Mes besoins de coeur me portent vers la simplicite et le naturel, plus
que vers l'intelligence orgueilleuse. Je n'ai peut-etre pas ces vertus
que j'aime tant, et ce n'est pas pour vous faire croire que je les
ai, que je vous dis mon estime pour elles. Mais ce que j'ai dit est
litteralement vrai. J'en ai besoin, je les cherche, et je crains les
ames la ou je ne les sens pas. Si vous attachez quelque prix (comme vous
avez la bonte de me l'exprimer) "a l'opinion que j'ai pu prendre de
vous", je ne pense pas qu'une opinion aussi peu examinee en moi-meme,
et concue aussi brusquement, je l'avoue, doive etre, cette fois, a vos
yeux, d'une grande importance.
J'ai oui dire du bien de vous, et je ne me suis point permis de juger
autre chose que votre exterieur et vos discours. Il est vraisemblable
que mes preventions se seraient evanouies si je vous avais connue
davantage.

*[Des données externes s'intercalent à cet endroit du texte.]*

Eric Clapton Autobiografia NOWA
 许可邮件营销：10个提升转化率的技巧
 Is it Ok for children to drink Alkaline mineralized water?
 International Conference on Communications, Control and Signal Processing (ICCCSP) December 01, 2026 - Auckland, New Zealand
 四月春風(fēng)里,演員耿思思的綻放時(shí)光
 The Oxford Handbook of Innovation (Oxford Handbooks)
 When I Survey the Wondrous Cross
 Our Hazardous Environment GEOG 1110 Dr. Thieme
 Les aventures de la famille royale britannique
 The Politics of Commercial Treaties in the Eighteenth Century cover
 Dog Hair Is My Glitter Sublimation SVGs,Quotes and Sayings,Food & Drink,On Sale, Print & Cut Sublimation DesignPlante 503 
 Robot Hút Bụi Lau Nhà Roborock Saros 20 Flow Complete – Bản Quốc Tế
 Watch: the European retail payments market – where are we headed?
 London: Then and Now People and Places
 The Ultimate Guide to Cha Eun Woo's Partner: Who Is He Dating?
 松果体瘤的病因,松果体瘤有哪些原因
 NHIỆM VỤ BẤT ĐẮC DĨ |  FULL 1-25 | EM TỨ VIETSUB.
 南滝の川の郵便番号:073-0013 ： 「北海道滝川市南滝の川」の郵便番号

Mais je me sens si peu aimable, j'ai l'esprit si paresseux,
si eloigne du brillant et de l'animation que vous aimez, que j'aurais
craint de ne vous voir jamais a l'aise avec moi. Et puis, enfin, je ne
me suis jamais imagine que vous me feriez l'honneur de vous apercevoir
d'un peu de sympathie de plus ou de moins de ma part.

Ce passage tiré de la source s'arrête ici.